Below are the records; output them exactly from the first line through the line with "Fairway Cir, Natick, MA 01760", stopping there.

(Collected data entries)
-- -- --

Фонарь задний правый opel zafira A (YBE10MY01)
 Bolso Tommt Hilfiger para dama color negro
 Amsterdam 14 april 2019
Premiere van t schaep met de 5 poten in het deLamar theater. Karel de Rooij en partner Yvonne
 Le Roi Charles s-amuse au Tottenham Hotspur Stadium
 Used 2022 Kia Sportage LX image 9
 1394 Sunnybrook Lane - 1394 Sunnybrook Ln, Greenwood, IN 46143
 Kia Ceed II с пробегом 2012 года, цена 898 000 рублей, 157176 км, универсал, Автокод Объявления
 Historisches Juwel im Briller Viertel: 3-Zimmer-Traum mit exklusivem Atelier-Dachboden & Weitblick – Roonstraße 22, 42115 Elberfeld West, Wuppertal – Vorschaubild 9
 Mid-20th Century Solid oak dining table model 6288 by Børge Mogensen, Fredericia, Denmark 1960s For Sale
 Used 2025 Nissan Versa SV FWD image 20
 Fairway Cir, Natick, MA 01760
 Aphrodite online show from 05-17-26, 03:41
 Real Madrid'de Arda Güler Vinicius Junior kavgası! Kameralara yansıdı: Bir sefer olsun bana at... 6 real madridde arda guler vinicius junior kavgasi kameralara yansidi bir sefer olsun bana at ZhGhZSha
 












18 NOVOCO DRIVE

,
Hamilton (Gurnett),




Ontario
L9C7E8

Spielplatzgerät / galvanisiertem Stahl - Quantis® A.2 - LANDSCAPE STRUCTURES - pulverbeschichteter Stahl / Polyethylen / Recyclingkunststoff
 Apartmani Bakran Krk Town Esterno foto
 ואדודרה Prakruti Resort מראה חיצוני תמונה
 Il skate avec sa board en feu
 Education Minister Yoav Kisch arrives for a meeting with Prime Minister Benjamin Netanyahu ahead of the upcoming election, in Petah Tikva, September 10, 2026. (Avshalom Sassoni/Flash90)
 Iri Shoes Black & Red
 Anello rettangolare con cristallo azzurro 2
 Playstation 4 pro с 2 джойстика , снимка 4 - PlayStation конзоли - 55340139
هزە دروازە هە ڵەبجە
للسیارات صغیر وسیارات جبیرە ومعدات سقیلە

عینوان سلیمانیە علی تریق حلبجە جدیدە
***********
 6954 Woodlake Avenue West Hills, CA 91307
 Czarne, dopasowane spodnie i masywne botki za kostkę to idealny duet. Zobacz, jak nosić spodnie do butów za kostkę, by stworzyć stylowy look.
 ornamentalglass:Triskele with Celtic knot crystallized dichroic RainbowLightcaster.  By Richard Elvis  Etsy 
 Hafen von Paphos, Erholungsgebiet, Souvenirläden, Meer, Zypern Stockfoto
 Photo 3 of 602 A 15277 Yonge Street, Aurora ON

-- -- --

Answer to this problem -
Фонарь задний правый opel zafira A (YBE10MY01)
 Bolso Tommt Hilfiger para dama color negro
 Amsterdam 14 april 2019
Premiere van t schaep met de 5 poten in het deLamar theater. Karel de Rooij en partner Yvonne
 Le Roi Charles s-amuse au Tottenham Hotspur Stadium
 Used 2022 Kia Sportage LX image 9
 1394 Sunnybrook Lane - 1394 Sunnybrook Ln, Greenwood, IN 46143
 Kia Ceed II с пробегом 2012 года, цена 898 000 рублей, 157176 км, универсал, Автокод Объявления
 Historisches Juwel im Briller Viertel: 3-Zimmer-Traum mit exklusivem Atelier-Dachboden & Weitblick – Roonstraße 22, 42115 Elberfeld West, Wuppertal – Vorschaubild 9
 Mid-20th Century Solid oak dining table model 6288 by Børge Mogensen, Fredericia, Denmark 1960s For Sale
 Used 2025 Nissan Versa SV FWD image 20
 Fairway Cir, Natick, MA 01760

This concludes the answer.